**WHAT IS BEING ASKED**
What you should repeat is the run of lines from the top of the listing below through the line with "Kitchen Island Drop", exactly, with no pictures.

○ ○ ○ ○ ○ ○ ○

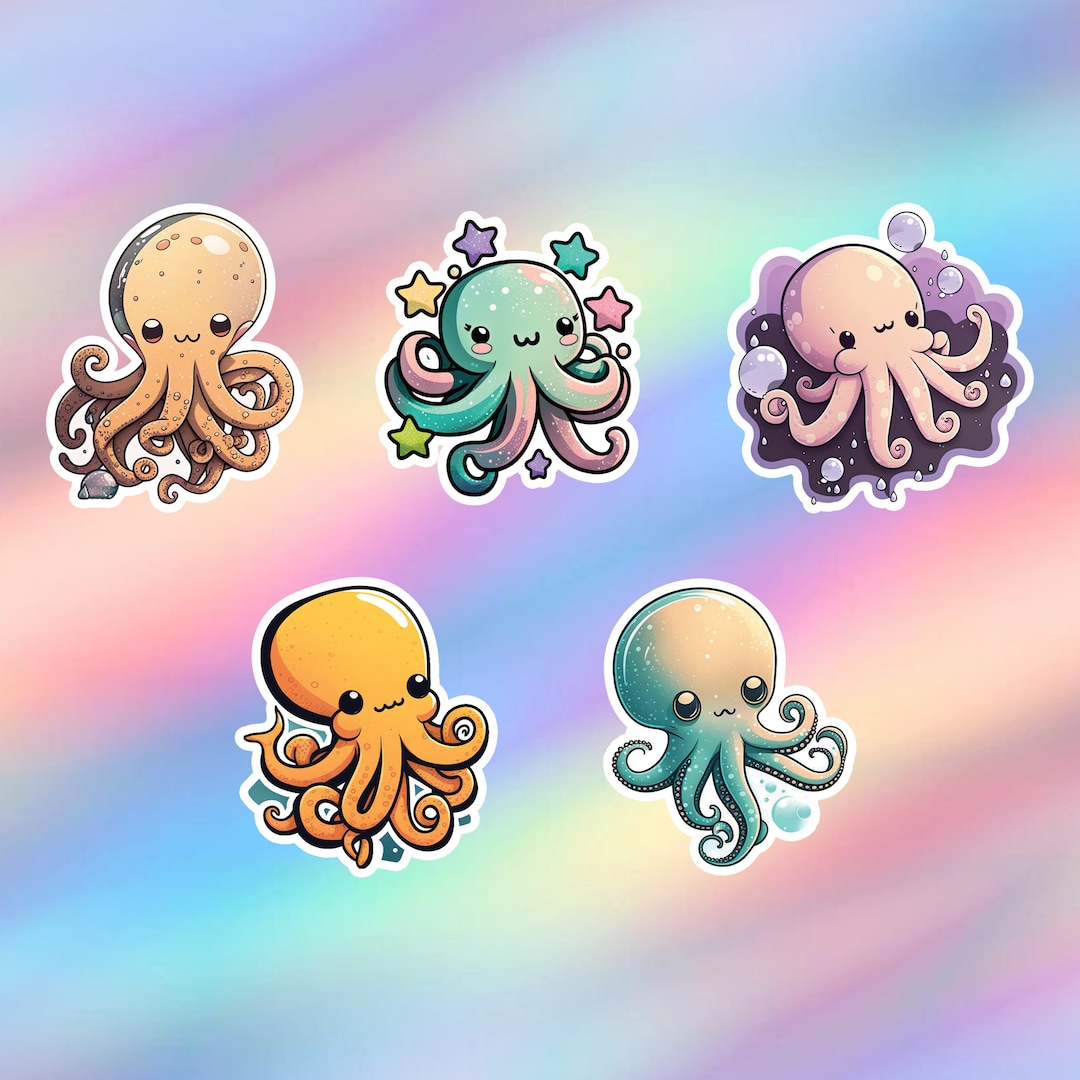 Cute Octopus Stickers Pack of 5 Kawaii Octopus Stickers Animal Vinyl ...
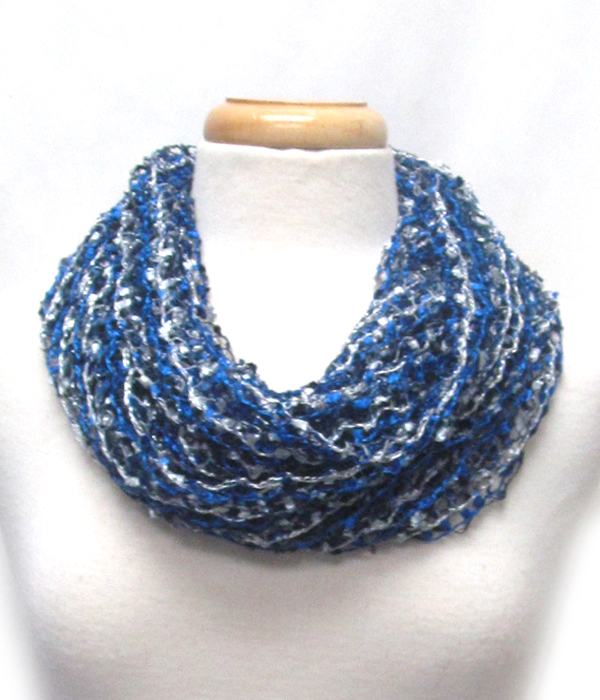 Net and fringe infinity scarf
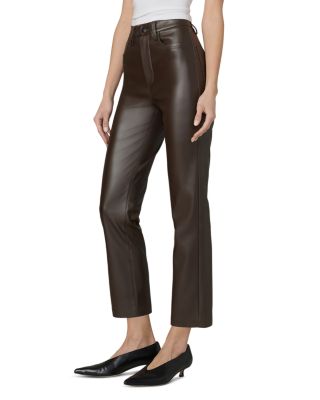 The Lyra Slim Faux Leather Jeans in Dark Chocolate
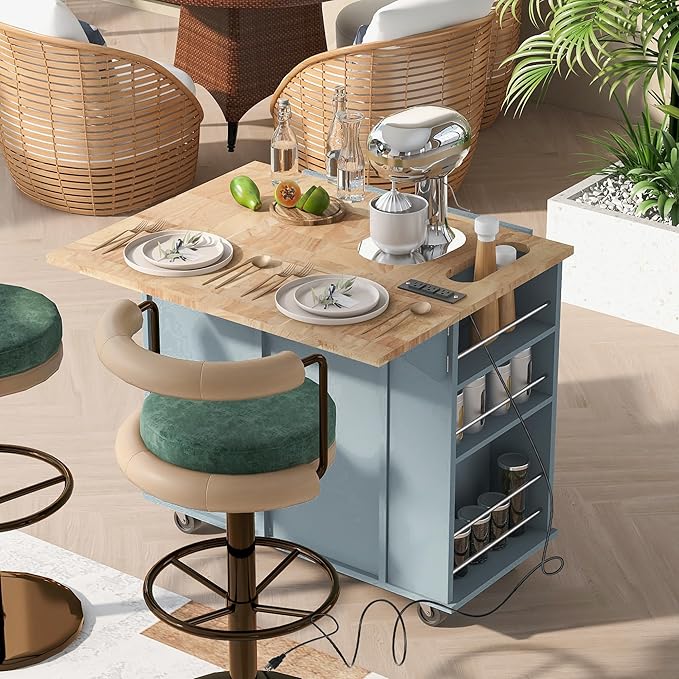 Kitchen Island Drop Leaf & Power Outlet, Mobile Cart w/Open Storage Wine Rack, Lockable Universal Wheels and Unfolded Tabletop, for Home, Dining Room, Grey Blue, 39.8 Inch - LeafyLoom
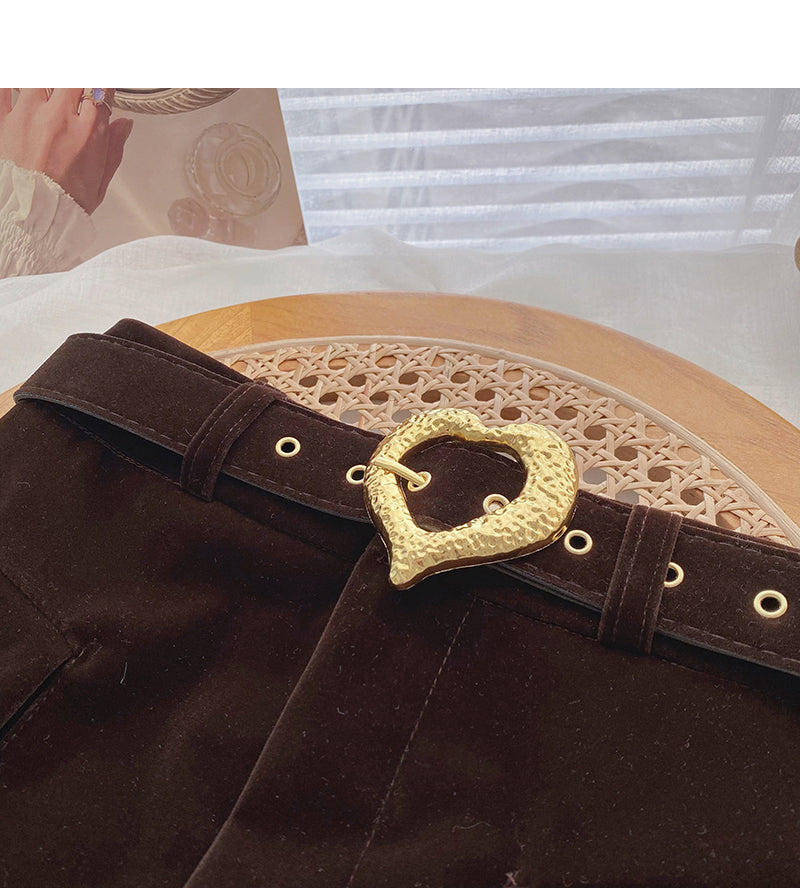 Golden velvet high waist A-shaped fishtail skirt for women  5384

○ ○ ○ ○ ○ ○ ○

**WRITTEN SOLUTION**
 Cute Octopus Stickers Pack of 5 Kawaii Octopus Stickers Animal Vinyl ...
 Net and fringe infinity scarf
 The Lyra Slim Faux Leather Jeans in Dark Chocolate
 Kitchen Island Drop Leaf & Power Outlet, Mobile Cart w/Open Storage Wine Rack, Lockable Universal Wheels and Unfolded Tabletop, for Home, Dining Room, Grey Blue, 39.8 Inch - LeafyLoom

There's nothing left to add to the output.